Agatha Mary Clarissa Miller was born in Torquay, Devon in Southwest England, in September 1890. Her childhood education was erratic. At the age of 5 she taught herself to read. Her father homeschooled Christie until he fell too ill, then she spent time at a day school where she struggled with the discipline and strict schedules. A talented pianist, at the age of 15 her mother sent her to school in Paris to study piano and opera singing. However, two years later Christie determined she lacked the talent to become a concert pianist or opera singer; she ended her education and returned home. In 1912 she met Archibald Christie, and they were married in 1913. After WWI broke out, Christie trained and qualified to work as an assistant at a dispensary. Her new education in pharmacology and poisons helped develop her debut novel, The Mysterious Affair at Styles, where the world was introduced to Hercule Poirot. Christie bore only one child, Rosalind. Eventually her marriage to Archibald fell apart and they divorced in 1928. In 1930, Christie met archeologist, Max Mallowen, whom she married later that year. They remained married until her death in 1976. Throughout her lifetime, Christie wrote 75 novels-66 of them detective novels-and 14 short story collections.
Christie enjoyed travel and her train trip on the Orient Express in 1928 led to my favorite novel of hers, Murder on the Orient Express, another tricky case unraveled by detective Hercule Poirot. One of the things I enjoy about reading Christie is her heavy reliance on dialog to develop the plot and set up the murderer. There are times in Christie’s novel when the reader might find the pacing a bit slow, however if you skim over these points, you are likely to miss an important clue that will help lead you to the perpetrator. I admit that my own novels have very little resemblance to Christie’s style. While her story lines are quite methodical and deliberate puzzles to solve, my own mysteries are rather fly-by-the-seat-of-her-pants style with a good bit of action, adventure, and dumb luck for my heroine, who is not a trained detective. However, I do try to use dialog to a similar advantage that Christie used hers, by explaining plot points and dropping clues.
One thing is for sure, Christie’s influence on the detective mystery genre cannot be overstated. She is credited with establishing the modern “murder mystery” rules.

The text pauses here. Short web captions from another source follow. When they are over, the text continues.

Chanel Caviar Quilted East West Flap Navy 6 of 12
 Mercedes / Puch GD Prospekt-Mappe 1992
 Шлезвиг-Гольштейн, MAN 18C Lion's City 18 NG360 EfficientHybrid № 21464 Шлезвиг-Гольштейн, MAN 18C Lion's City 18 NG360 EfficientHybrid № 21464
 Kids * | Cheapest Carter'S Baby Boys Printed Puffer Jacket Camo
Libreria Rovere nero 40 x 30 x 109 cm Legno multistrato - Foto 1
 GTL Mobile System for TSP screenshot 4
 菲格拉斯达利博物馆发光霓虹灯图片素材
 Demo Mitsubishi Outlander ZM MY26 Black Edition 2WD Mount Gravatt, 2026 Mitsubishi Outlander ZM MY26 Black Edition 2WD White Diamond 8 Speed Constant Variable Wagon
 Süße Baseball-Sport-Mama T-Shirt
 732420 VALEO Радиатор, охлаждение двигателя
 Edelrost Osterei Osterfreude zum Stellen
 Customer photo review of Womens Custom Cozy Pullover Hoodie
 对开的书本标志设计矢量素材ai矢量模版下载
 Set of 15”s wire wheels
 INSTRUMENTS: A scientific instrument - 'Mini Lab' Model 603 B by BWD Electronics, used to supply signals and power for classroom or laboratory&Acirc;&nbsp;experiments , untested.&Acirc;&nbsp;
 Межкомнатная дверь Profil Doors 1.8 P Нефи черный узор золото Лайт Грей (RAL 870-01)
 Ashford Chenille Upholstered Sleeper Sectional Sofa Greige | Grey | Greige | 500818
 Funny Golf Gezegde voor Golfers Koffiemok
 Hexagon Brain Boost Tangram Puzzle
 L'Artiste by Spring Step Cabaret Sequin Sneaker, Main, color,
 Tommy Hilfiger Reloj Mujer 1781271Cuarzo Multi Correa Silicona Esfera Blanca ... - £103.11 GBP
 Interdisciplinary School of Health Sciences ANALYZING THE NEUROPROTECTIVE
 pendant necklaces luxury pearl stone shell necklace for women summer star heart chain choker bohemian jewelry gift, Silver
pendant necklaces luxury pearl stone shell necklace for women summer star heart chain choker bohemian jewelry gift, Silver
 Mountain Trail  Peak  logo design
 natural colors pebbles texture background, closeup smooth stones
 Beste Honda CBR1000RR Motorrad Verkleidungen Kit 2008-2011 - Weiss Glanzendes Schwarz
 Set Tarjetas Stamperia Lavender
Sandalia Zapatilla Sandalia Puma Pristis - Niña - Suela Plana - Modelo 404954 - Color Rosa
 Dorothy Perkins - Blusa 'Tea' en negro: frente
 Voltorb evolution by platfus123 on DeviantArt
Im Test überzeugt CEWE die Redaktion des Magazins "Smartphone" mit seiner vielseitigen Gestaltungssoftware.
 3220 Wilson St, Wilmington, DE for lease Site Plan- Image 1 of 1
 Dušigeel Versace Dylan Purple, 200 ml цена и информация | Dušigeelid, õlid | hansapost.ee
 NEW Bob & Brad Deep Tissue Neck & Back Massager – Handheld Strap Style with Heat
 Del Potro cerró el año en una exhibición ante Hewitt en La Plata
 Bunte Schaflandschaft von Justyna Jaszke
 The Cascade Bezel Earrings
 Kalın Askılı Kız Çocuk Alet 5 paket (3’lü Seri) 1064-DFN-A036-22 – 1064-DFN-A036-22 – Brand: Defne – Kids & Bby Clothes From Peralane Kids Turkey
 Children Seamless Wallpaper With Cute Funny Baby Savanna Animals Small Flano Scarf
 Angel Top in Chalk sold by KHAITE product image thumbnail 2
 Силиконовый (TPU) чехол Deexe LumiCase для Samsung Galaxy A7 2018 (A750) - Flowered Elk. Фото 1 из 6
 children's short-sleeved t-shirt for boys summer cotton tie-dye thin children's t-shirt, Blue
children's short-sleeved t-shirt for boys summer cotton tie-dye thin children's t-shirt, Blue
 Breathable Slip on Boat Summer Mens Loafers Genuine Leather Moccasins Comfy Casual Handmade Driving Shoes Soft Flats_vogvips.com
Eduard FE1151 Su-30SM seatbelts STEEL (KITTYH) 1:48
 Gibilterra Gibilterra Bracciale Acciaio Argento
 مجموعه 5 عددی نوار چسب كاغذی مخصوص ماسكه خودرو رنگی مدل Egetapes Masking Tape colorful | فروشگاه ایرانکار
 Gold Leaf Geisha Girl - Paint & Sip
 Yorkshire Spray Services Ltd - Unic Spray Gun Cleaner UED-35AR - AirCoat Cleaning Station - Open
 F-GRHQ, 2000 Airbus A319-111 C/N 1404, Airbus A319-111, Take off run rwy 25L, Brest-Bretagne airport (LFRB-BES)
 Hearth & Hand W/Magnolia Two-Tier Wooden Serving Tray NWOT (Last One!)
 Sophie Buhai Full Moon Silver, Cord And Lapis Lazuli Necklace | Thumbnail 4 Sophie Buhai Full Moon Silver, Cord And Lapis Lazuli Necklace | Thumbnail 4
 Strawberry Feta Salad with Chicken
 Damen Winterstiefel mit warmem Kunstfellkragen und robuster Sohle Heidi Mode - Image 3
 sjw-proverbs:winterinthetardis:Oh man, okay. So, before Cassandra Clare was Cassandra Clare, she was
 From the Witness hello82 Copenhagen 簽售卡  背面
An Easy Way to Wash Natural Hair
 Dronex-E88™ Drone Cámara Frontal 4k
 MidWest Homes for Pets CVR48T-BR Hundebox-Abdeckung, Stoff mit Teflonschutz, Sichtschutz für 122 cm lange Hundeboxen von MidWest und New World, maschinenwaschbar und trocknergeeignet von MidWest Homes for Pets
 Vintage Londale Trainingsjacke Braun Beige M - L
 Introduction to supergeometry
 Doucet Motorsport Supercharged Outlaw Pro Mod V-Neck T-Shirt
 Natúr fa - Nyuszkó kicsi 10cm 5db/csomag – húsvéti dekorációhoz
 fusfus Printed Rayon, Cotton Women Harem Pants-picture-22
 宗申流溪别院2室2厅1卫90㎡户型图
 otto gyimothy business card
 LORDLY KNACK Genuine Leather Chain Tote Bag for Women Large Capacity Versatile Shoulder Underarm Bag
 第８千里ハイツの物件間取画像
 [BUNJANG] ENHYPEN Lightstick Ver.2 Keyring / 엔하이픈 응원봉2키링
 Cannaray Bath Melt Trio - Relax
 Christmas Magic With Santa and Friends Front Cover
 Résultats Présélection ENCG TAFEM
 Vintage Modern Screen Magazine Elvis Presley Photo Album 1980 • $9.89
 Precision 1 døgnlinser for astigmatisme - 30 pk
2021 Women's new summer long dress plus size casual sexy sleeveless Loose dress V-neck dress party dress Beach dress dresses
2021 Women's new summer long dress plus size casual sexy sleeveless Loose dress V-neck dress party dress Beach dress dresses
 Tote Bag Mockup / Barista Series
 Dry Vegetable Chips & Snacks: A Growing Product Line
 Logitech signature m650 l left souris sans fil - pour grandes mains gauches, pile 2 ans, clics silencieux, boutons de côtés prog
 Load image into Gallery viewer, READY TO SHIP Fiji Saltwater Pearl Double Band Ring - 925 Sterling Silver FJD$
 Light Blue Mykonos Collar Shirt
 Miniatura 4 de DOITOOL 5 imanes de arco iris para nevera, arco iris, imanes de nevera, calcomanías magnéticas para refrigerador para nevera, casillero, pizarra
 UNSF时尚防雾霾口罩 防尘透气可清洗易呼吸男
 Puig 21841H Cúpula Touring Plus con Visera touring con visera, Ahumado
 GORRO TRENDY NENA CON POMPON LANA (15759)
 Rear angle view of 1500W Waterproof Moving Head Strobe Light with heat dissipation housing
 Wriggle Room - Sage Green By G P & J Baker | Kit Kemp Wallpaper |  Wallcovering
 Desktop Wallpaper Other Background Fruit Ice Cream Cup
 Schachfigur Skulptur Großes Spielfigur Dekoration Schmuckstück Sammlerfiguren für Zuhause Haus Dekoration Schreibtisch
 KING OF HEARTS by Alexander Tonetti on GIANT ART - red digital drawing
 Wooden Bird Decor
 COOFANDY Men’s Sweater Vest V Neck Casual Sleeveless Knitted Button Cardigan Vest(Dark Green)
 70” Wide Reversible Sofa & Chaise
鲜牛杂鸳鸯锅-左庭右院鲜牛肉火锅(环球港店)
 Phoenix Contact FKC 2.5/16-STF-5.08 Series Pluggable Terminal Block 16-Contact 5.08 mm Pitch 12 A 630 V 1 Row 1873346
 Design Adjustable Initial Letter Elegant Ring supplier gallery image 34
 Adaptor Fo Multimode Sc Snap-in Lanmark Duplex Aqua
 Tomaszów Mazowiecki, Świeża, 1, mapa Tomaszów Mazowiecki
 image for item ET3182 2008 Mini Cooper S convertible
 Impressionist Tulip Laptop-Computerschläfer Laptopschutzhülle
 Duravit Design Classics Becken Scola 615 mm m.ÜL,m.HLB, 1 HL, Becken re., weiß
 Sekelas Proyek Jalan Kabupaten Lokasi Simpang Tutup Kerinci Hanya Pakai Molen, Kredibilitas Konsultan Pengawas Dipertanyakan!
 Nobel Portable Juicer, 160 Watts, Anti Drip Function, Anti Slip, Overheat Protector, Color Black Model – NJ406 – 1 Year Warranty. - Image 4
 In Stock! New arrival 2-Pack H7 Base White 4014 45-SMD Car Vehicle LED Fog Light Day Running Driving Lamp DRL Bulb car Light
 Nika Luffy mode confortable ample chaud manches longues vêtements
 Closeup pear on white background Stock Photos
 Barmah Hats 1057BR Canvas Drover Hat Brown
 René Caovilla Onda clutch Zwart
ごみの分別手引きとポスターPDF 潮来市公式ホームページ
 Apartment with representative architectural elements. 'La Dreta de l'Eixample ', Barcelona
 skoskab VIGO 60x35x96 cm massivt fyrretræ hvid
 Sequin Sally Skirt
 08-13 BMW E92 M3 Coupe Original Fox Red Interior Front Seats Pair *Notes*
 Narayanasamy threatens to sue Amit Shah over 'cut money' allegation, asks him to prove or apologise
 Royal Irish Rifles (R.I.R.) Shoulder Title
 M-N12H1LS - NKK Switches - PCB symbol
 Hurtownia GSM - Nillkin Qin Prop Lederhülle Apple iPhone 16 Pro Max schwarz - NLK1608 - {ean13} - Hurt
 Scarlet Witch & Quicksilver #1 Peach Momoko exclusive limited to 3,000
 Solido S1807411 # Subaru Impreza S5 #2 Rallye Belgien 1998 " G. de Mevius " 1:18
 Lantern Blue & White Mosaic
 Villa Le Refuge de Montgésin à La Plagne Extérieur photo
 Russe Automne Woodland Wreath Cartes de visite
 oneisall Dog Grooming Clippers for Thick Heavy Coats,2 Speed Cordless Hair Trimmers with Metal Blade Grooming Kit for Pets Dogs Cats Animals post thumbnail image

Christie enticed readers by trapping all of her suspects in one location-e.g., on a train, ship, or mansion-rather than running helter-skelter around town interrogating suspects. By bringing her colorful characters to a central location, and giving them all reasons for being the murderer, her detective slowly solves the puzzle and narrows the list until the murder is revealed. Even though the reader is not taken to a variety of locations, Christie’s dialog, scenes, and character development keep us captivated and willing to spend the entire book in that single location. Her mysteries were smart, clever, and suspenseful, and they still remain popular today.